Werner Karl Heisenberg parla dello spirito come di quella realtà che sottostà ad ogni parvenza materiale. Cercato dall’uomo come la verità stessa, esso può, in senso cristiano, essere chiamato Dio. Il fisico tedesco, riprendendo i contenuti filosofici greci (soprattutto platonici), ritiene che la presenza di principi immateriali sia un fatto oggettivo che esprime certi aspetti della realtà del mondo, indipendenti dal tempo, dunque eterni. Lo spirito si dimostra quindi centrale, in quanto raccordo tra la dimensione eterna delle idee e quella temporale della materia alla quale appartengono le particelle elementari che costituiscono le immagini originarie, le idee della stessa materia.

Lo spirito infinito e la complessità

Il fisico teorico Paul Davies identifica lo spirito con Dio, cioè una realtà che pervade, vivifica e muove il tutto secondo un progetto. Questo spirito «infinito» palesa la sua presenza solamente in sistemi dotati di un certo grado di complessità. L’esistenza e l’evoluzione di tali gradi di complessità, in particolare negli esseri viventi, evidenzia una finalità che rinvia all’azione di una «mente», intesa non solo come «termine» dell’evoluzione, ma altresì come «autore» dell’evoluzione medesima. Ogni dimensione dello spirito possiede una sua «dignità naturale». Essa emerge ad esempio nel rapporto duale corpo-spirito, in analogia col dualismo fisico onda-corpuscolo o informatico hardware-software, e sul tipo del rapporto mente-corpo.

L’orizzonte antropologico

Nell’orizzonte antropologico anche nel XX secolo ci si pose il problema riguardante la relazione che intercorrerebbe fra elemento animale ed elemento spirituale. Secondo soluzioni “monistiche” sia la materia animata che lo spirito nelle sue varie dimensioni sono ricondotti ad un’unica realtà che li accomuna. Nella cosiddetta teoria dell’identità lo spirito sarebbe una «funzione» del cervello in quanto, ad un certo grado di organizzazione raggiunto dalla materia, gli stati d’animo e le condizioni coscienziali sarebbero “stati” dei neuroni. Secondo soluzioni dualistiche lo spirito, realtà assolutamente altra e superiore alla materia, ne sarebbe il principio di organizzazione e caratterizzazione.

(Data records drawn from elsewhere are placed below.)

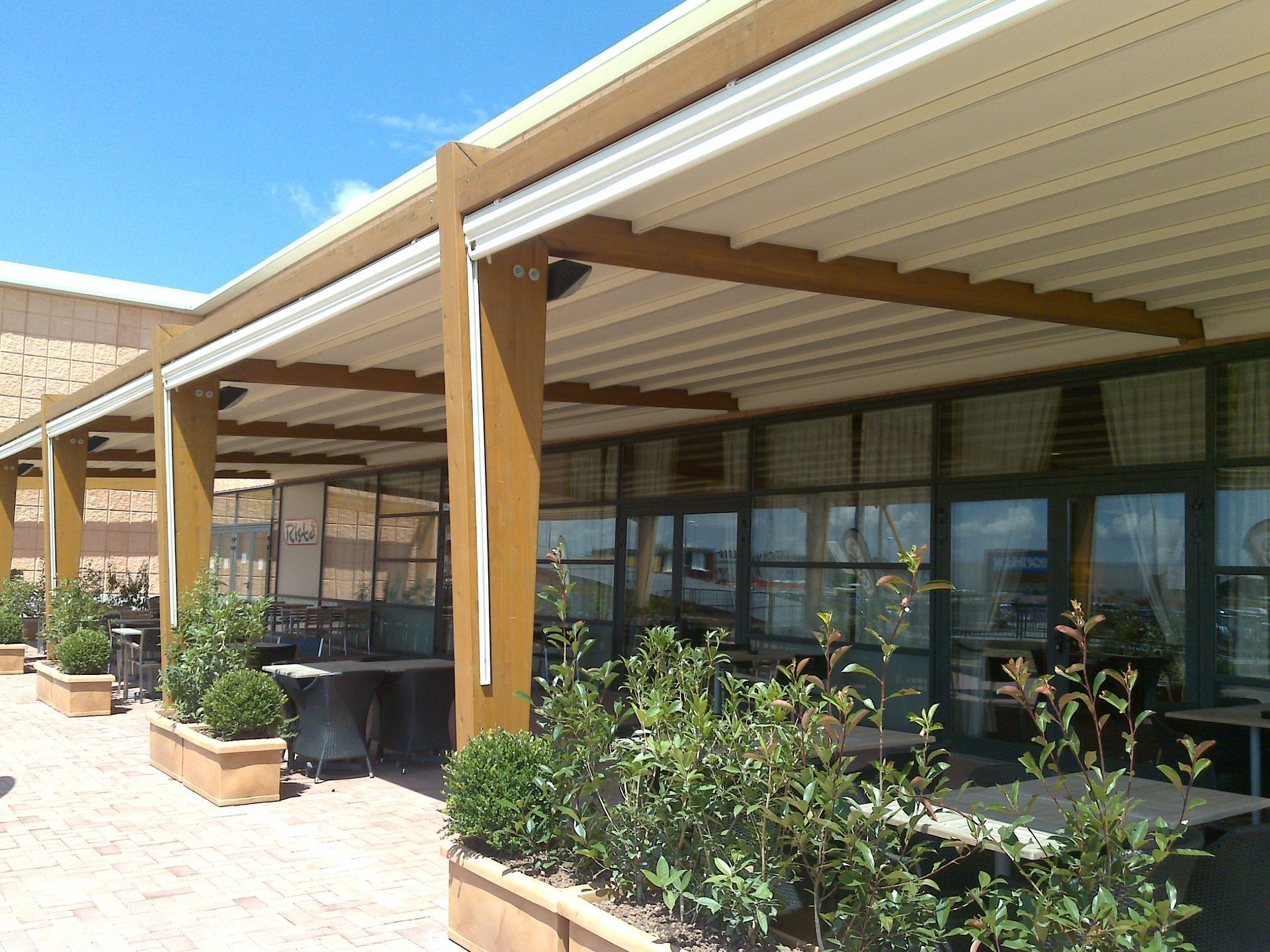 A restaurant with tables and chairs under a canopy - Freehold, NJ - Awning Design Inc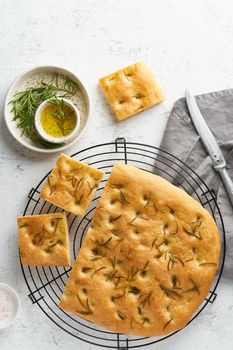 Focaccia, pizza, italian flat bread with rosemary and olive oil on grid on white rustic table, tradition italian cuisine, top view, copy space, vertical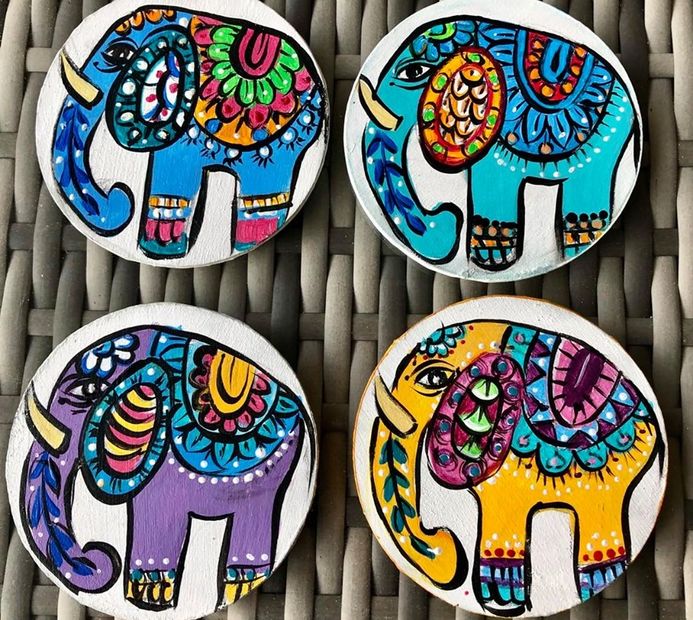 Four colorful, hand-painted elephant coasters with intricate designs.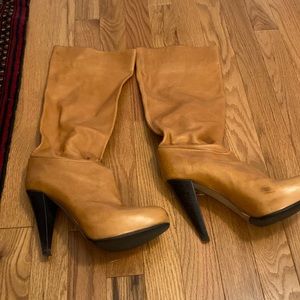 Bally knee high boots. Bottoms have been redone at Maurice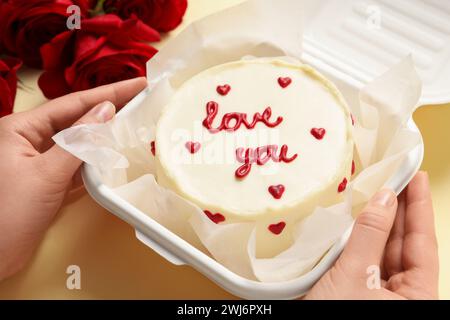 Femme tenant une boîte à emporter avec bento cake à la table beige, gros plan. Prog Surprise pour la Saint-Valentin Banque D'Images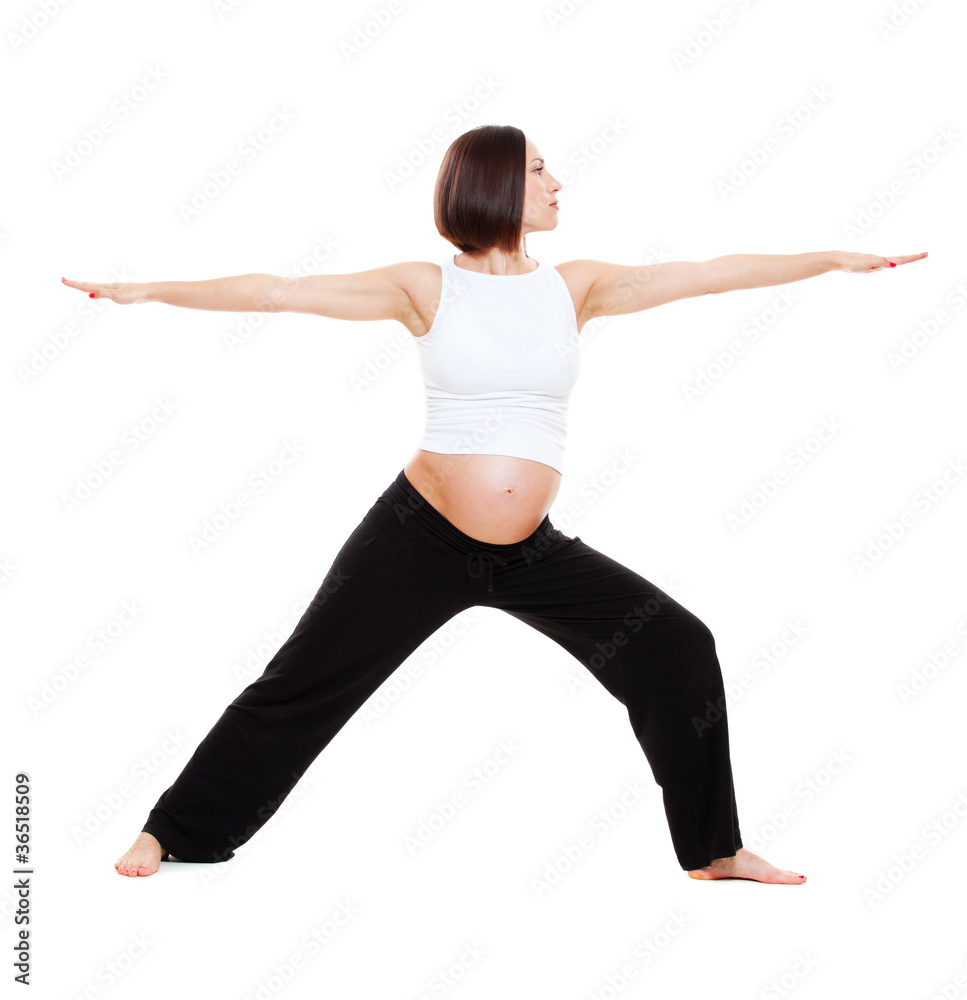 pregnant woman doing yoga exercises pregnant woman doing yoga exercises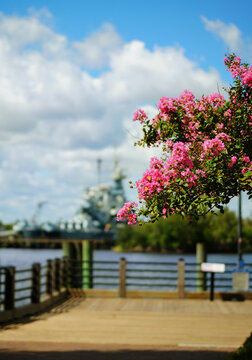 The Riverwalk in downtown Wilmington NC with the Cape Fear River and battleship North Carolina in the background
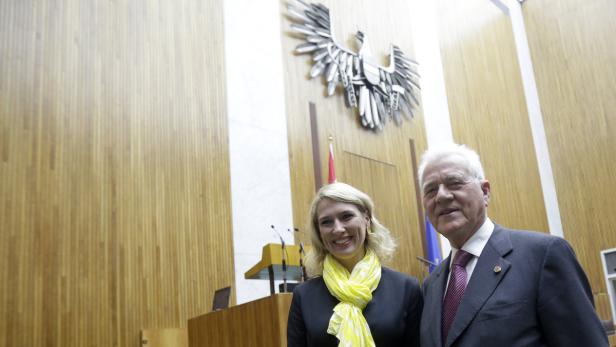 Eine Frau mit gelbem Schal und ein Mann im Anzug vor dem österreichischen Bundesadler.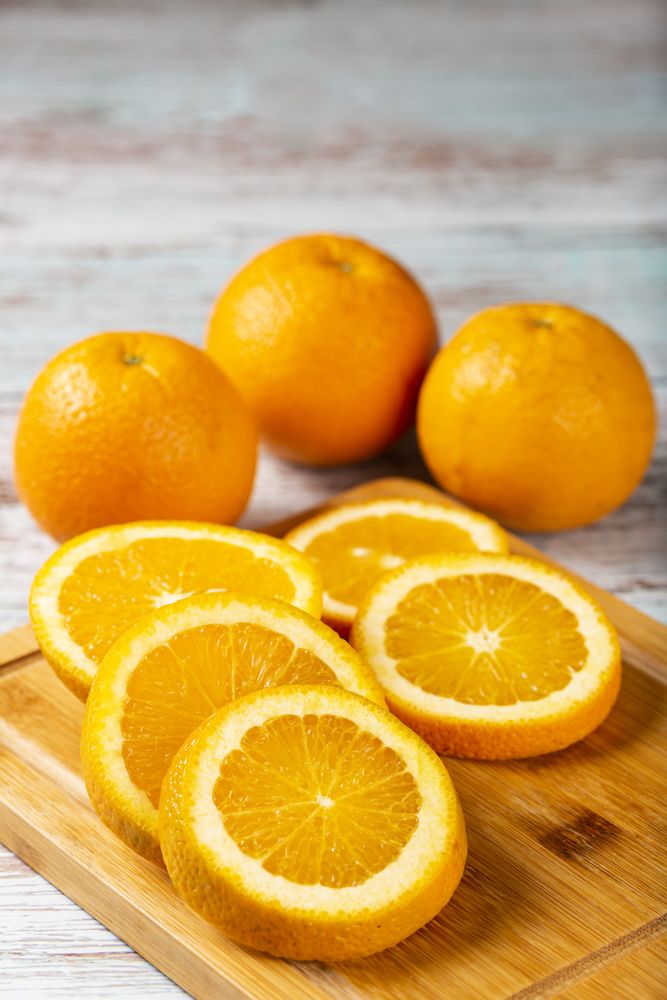 Sliced oranges on the table.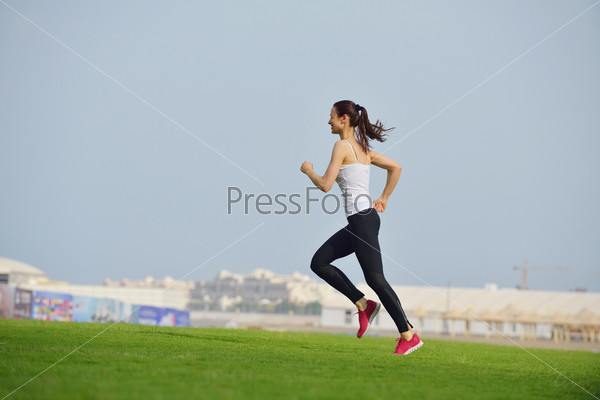 Running in city park. Woman runner outside jogging at morning\
with Dubai urban scene in background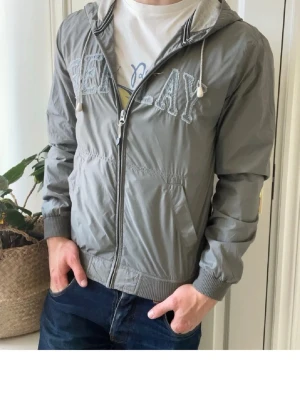 Replay Jacka - Sällsynt vintage replay jacka. Det är en windbreaker me luva o snören med fickor på vardera sida. Skicket är som nytt!!!! Skriv för mer information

Attualmente, una variante di tale teoria, detta «interazionismo», distingue nettamente fra “spirito” (mind) e cervello (brain o body). Per cui, pur in una reciproca relazione, l’elemento spirituale risulta assolutamente irriducibile alle funzioni neuronali del cervello. Interessanti in questo versante anche le posizioni di J.C. Eccles e R.W. Sperry che sostengono, con varie argomentazioni, che esiste un’interazione dello spirito con il sistema neuro-cerebrale, pur mantenendo la distinzione delle due dimensioni nel senso di una indeducibilità e peculiarità dell’elemento spirituale. In quest’ottica il cervello costituirebbe un vero e proprio «organo» dello spirito.

La teologia cristiana

Nell’ambito della teologia cristiana emergono, sin dai primi decenni del Novecento, numerosi tentativi di rileggere la questione del rapporto tra Dio e il mondo, lo spirito e la materia, l’uomo e il cosmo, in un orizzonte comprensivo e più aderente alla rivelazione cristiana, capace di superare i dualismi opposti dello Spiritualismo e del Materialismo. Pionieristica la visione di Sergej Nikolaevič Bulgakov. Egli avverte l’urgenza di una cosmologia cristiana e sottolinea che occorre superare la separazione moderna — tra l’altro tipicamente occidentale — tra spirito e materia. Nonché il pregiudizio che la natura sia estranea alla dimensione spirituale della vita umana e alla presenza di Dio nel mondo.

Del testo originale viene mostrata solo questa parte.